ANIMAIS (ZINHOS)
E BICHOS constitui-se uma crônica publicada em 10.04.2009 neste
“Temas” falando de várias espécies que me marcaram. Por gostar
muito, resolvi separar cada animalzinho fazendo uma crônica para
cada um deles. A introdução original a essas republicações
pode ser lida na crônica “O escorpião no sapato” de 04.03.2014.
Outros "bichos"
que republicarei:
Abelhas
O leitãozinho
("O quati"
já foi republicado em "Quatizada em Águas de São Pedro"
de 14.07.2013 e “O escorpião no sapato” 04.03.2014 neste
“Temas”).
A coruja perneta
Numa tarde modorrenta de domingo, eis que uma coruja - ave muito comum no interiorzão de São Paulo, onde fazem seus ninhos em covinhas nos campos – no alto de um telhado vizinho, debatia-se para soltar sua perninha dos arames que retinham uma antena de televisão. Encontrava-se presa num desses fios onde se forma uma espécie de “v” ou “y”. Tentava se soltar pressionando a perninha no sentido do vértice da forquilha o que cada vez mais a feria.

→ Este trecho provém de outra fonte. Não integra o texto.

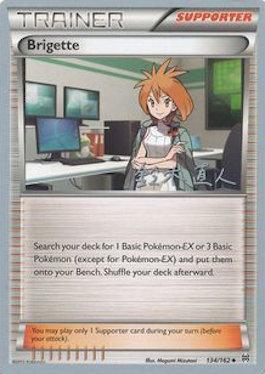 134, Normal, Supporter, Uncommon, World Championships 2017 Brigette (134/162) (Golisodor - Naoto Suzuki) [World Championships 2017] - Trading Card World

Para melhor enxergá-la, munimo-nos de um binóculo. A perninha presa sangrava e mais se feria na medida em que forçava para escapar da “armadilha”.
Um dos meus filhos,
verdadeiro “animal trepador”, então, resolveu soltá-la. Chegou
ao telhado do sobrado escalando muros e, com jeito, alcançou a
corujinha. Já exausta e ferida não esboçou reação alguma, quem
sabe conformada com o seu fim, eis que o inimigo cruel chegara para
abatê-la impiedosamente.
Num movimento suave
foi ela solta. Após alguns segundos, percebendo a liberdade, voou
para uma folha alta de coqueiro, numa área verde próxima. Estava
salva. Vacilara um pouco em voltar para seu esconderijo bem embaixo
do coqueiro. Não demoraria muito, ela desapareceria. Sua cova estava
vazia.
Algum tempo depois,
ela reapareceu, mas empoleirada numa folha de coqueiro de minha casa
– aquele tipo de coqueiro classificado de “anão” mas que vai
crescendo e engordando como gota próximo da terra e se tornando alto
e inalcançável. Certa vez, ainda não tão alto como hoje, ele
produziu duma só vez 76 cocos, algo inimaginável. Não se trata de
conversa de ...pescador, até porque falo de cocos e não de peixes
pescados, até porque odeio pescar. Jamais pesquei e detesto! Muito
me diz numa frase de Leon Tolstoi em “Ana Karenina”: “Gostava
de pescar a linha e parecia envaidecer-se com o fato de apreciar um
entretenimento tão estúpido.”
Ainda baixo o
coqueiro a coruja ali se acomodou, sem a perninha esquerda.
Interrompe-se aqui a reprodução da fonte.